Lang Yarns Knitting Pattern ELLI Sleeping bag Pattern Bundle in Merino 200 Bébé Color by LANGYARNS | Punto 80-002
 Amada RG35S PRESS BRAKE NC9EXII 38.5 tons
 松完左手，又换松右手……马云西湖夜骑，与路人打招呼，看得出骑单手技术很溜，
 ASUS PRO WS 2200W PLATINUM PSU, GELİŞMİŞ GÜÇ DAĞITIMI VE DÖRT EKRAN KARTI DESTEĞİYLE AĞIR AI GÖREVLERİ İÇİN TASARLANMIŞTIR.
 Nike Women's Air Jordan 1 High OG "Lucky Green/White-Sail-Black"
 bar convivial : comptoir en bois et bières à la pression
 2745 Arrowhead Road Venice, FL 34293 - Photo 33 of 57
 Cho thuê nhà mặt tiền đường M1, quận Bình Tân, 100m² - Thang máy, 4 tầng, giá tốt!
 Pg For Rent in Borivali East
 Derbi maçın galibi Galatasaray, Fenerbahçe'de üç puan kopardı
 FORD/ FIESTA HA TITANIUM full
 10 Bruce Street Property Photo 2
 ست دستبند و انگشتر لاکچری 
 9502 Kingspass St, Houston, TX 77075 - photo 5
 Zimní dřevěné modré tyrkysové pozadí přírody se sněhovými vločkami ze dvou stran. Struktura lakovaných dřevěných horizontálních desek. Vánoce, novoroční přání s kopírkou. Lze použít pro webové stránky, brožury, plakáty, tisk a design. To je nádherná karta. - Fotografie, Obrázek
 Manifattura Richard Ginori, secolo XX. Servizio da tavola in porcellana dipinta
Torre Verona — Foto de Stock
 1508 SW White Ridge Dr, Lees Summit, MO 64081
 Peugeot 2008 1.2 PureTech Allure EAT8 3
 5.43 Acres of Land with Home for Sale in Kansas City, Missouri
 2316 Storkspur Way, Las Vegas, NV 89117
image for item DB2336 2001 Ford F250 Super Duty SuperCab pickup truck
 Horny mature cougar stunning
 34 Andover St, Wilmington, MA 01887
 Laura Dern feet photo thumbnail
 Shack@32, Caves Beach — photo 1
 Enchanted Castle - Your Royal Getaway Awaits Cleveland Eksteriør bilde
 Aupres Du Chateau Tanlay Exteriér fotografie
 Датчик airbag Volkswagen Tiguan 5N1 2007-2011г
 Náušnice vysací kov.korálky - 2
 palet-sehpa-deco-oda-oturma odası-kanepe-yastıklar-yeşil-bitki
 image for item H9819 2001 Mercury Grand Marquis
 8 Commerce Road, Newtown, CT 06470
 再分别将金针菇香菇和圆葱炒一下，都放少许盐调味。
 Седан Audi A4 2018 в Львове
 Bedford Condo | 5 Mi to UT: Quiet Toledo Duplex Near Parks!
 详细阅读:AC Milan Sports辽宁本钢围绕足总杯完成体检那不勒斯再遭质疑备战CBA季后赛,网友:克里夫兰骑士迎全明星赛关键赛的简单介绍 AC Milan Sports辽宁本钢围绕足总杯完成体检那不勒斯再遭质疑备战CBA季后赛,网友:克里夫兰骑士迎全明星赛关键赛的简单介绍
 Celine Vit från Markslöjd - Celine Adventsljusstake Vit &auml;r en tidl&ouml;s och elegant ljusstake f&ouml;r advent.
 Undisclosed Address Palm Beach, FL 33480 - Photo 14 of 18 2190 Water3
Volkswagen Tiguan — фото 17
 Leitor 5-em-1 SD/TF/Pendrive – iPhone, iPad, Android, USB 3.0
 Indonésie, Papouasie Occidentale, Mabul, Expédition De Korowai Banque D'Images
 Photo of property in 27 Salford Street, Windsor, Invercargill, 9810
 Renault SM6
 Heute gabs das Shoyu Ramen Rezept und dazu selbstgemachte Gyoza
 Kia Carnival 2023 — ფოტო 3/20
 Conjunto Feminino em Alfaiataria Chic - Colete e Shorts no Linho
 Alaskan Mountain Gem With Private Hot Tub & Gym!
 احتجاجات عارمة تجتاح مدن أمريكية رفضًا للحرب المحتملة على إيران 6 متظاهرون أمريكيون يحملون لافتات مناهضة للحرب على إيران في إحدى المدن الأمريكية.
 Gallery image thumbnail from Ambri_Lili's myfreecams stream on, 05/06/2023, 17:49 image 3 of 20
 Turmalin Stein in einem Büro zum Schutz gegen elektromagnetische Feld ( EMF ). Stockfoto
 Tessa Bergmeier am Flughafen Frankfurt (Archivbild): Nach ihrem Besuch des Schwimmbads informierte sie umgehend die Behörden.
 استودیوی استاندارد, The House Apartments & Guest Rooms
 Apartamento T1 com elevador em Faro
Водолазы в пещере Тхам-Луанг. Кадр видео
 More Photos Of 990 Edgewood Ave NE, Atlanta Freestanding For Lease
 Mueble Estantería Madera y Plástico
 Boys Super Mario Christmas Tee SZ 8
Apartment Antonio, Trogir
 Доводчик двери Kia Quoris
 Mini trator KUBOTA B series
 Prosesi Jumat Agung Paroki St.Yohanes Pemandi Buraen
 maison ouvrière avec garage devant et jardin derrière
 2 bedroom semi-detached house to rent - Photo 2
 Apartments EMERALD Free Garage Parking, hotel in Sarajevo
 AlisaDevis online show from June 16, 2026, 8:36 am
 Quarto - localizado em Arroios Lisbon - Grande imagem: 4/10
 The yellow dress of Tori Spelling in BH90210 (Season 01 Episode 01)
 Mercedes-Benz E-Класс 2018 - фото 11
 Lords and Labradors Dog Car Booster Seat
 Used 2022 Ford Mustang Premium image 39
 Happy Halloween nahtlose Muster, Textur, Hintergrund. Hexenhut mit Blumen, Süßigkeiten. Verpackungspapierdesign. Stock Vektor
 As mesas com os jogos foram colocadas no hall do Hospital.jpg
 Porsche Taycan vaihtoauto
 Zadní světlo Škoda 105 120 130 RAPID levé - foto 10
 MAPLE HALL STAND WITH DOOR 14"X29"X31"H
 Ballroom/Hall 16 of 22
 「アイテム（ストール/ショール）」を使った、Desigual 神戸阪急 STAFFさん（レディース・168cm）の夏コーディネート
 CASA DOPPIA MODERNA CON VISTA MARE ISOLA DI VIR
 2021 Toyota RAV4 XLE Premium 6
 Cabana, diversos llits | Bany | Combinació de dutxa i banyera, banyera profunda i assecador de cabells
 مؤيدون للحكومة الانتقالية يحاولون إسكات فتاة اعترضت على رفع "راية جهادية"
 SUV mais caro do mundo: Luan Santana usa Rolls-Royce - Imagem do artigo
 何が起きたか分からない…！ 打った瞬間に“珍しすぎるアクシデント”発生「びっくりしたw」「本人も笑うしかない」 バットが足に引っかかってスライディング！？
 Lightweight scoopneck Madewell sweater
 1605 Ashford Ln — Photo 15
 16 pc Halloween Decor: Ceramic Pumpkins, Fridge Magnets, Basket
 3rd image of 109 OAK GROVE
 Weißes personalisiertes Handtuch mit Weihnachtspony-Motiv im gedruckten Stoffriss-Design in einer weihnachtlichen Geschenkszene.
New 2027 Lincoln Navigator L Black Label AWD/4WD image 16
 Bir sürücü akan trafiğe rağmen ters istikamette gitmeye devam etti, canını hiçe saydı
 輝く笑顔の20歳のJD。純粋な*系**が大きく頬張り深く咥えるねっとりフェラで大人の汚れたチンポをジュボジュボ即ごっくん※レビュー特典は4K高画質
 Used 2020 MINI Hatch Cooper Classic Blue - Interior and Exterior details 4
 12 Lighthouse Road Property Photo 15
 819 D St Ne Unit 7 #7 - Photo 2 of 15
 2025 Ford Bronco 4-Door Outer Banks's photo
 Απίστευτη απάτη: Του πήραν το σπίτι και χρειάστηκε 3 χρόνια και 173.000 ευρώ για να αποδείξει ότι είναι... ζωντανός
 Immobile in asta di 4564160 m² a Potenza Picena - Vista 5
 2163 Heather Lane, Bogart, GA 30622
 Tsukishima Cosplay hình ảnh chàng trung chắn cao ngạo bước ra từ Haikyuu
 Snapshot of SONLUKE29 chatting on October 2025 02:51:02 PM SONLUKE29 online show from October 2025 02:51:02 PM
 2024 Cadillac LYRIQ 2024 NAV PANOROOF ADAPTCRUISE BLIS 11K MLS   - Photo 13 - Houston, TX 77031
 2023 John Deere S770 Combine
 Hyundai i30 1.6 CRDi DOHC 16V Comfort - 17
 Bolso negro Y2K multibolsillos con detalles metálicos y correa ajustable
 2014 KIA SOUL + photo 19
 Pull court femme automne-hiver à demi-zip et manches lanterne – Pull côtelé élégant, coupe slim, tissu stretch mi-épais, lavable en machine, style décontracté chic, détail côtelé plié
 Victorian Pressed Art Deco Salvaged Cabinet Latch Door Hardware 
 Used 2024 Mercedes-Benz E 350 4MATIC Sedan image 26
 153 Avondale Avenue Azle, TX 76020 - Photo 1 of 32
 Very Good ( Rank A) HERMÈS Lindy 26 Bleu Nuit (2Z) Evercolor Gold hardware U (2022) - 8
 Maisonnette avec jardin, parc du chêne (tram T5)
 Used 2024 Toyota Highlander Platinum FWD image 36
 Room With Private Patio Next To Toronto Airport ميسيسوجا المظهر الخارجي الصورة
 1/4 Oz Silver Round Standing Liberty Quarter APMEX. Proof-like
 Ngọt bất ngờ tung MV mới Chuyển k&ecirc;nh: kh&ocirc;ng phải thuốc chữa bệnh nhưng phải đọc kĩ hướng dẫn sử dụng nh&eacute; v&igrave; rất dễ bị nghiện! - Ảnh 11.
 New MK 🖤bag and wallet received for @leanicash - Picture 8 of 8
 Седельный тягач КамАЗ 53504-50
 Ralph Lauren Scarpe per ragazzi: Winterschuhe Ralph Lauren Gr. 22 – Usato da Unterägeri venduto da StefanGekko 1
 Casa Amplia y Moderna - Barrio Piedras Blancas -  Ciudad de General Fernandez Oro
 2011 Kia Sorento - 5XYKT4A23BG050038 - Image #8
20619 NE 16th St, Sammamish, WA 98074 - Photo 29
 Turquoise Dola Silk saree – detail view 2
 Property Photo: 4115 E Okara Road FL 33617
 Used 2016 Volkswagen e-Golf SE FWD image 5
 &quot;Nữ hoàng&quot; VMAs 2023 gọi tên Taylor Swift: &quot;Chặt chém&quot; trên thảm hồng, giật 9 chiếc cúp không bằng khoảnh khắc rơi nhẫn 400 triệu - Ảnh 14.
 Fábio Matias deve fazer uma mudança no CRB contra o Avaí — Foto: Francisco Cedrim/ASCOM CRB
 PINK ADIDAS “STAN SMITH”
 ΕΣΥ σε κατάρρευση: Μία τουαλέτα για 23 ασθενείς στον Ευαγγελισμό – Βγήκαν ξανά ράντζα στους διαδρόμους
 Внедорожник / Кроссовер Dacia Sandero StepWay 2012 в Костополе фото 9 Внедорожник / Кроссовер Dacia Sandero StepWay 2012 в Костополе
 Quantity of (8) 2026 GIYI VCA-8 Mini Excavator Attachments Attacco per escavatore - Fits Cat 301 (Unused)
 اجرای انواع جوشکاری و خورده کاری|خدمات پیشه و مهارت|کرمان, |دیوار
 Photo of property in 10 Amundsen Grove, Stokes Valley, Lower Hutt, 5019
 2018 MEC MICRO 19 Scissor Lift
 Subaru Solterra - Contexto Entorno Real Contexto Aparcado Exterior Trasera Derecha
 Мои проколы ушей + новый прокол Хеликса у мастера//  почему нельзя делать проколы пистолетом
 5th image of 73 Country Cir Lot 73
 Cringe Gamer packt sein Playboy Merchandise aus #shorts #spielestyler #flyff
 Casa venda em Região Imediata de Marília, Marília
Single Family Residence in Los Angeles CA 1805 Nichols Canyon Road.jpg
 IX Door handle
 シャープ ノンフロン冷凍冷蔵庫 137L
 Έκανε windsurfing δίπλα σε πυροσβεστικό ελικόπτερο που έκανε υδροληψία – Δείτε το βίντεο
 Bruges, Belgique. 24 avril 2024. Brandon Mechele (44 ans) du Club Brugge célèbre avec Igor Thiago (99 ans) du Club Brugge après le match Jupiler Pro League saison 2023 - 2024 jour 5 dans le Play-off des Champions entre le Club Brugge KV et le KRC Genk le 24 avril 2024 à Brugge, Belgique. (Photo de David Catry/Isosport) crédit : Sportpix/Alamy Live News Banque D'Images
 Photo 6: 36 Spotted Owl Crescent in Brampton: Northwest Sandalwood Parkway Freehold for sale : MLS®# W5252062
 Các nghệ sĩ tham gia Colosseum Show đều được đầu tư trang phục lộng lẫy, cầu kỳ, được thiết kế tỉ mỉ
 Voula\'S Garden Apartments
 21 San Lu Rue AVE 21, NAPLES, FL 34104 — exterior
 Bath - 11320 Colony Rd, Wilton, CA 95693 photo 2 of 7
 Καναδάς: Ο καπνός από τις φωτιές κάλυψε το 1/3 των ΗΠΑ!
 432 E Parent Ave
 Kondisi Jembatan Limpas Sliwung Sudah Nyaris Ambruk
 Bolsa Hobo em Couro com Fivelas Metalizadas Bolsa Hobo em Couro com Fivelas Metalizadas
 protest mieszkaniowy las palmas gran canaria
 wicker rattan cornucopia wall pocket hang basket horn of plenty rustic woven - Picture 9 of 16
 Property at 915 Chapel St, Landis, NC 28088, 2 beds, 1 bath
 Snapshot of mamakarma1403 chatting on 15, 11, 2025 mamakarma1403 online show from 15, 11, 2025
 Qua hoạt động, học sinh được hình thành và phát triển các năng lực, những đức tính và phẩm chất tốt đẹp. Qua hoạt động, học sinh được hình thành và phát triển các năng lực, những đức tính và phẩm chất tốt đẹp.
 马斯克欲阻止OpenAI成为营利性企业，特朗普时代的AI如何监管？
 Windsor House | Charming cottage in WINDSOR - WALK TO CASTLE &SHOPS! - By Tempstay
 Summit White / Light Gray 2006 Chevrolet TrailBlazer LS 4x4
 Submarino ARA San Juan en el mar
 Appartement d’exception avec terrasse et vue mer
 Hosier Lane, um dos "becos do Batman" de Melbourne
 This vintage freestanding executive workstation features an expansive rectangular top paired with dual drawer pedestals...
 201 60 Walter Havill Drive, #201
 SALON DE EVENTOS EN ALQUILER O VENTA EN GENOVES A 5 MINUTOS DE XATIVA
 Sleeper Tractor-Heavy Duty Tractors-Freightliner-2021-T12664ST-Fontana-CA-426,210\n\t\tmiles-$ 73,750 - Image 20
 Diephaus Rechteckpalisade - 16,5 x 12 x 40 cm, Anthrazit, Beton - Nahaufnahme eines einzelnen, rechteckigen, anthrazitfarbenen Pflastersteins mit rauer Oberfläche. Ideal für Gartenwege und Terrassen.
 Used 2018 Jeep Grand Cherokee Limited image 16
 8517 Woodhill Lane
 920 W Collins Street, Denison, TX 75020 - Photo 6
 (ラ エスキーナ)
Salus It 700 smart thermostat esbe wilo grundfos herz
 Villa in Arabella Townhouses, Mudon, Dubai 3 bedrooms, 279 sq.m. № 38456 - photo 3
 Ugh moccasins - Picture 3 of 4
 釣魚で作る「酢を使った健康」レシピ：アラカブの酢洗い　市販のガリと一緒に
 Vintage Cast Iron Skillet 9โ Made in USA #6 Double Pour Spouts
_____
PROBLEM TO WORK ON =
Take each line of the material above that holds the string "Volkswagen" and copy it.

RESPONSE BOX =
 Датчик airbag Volkswagen Tiguan 5N1 2007-2011г
Volkswagen Tiguan — фото 17
 Used 2016 Volkswagen e-Golf SE FWD image 5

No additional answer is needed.